Optionally, have a look at an asset in the asset catalog. It stores all information about the asset, like metadata, materialization timestamp, old materializations, heritage, code version and data version.

Congratulation! You successfully defined and combined your first assets to a working preprocessing pipeline!

## 8) Define Asset jobs

Materializing via the dagster UI is simple, but if you need to materialize a set of assets repeatedly, there is a better way - Dagster Asset Jobs.

With an asset job, you combine the materialization of multiple assets in one job. This is similar to selecting multiple assets in the `Asset` tab or `global asset lineage` and click materialize. But, you define it in your code, which gives you the opportunity to determine sets of workflows.

An asset job can be defined using dagsters `define_asset_job` function. You need to set the `name` parameter and may give a selection of assets you want to materialize in this job (string or list of strings). If you don't give a selection, all assets in the same file will be selected.

Define an `all_assets_job`, which materializes all assets.
Define an `get_duplicates_job`, which only materializes the `duplicates` asset.

In [None]:
# uncommend the following lines and complete them
# get_all_assets_job = define_asset_job(...)
# get_duplicates_job = define_asset_job(...)

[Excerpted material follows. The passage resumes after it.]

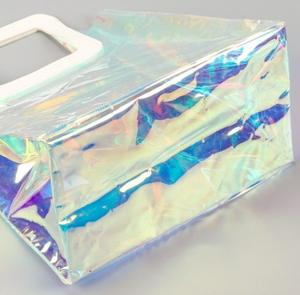 Custom logo Pvc rainbow Hologram Iridescent Transparent Bag clear Iridescent Gift Bags Iridecent Tote Bag - Product Image 4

Unlike assets, jobs are not automatically displayed in the dagster UI. You need to specify all jobs (and assets) you want to see in a dagster Definitions using its `assets` and `jobs` parameters.

In [None]:
# uncommend the following lines and complete them
# defs = Definitions(
#     assets=...,
#     jobs=...,
# )

Have a look at the dagster UI again. 

*Don't see the jobs?* You may need to reload your deployment to see the changes in the `Deployment` tab.

Navigate to `Overview` -> `Jobs` and see your defined jobs listed there. Click on one of the jobs and see the asset lineage of all assets, which are materialized with this job. Run the materialization.

Congratulations! You also learned how to define asset jobs!

## 9) Optional Task: Define an asset group

As the number of assets can grow in a complex data processing pipeline, dagster offers to define asset groups. They can be used to keep your assets organized.

Not all of the above assets are needed to get a cleaned data set. The `duplicates` asset is informative, but not explicitly needed. We want to have the option to save time and only materialize the necessary assets. Therefore, we will group all but `duplicates` in an asset group called `datapreprocessing`.

Add the `group_name` parameter to all assets but `duplicates` and see how the asset lineage visualization changed.

Define an asset job only for the assets in the asset group. Instead of listing each asset separatly, use `AssetSelection.groups("datapreprocessing")` to define the selection. Don't forget to add it to your Definitions.

Have a look at the dagster UI for the new job and materialize its assets.

Hooray! You now gained a very good insight into dagster assets and its functionality!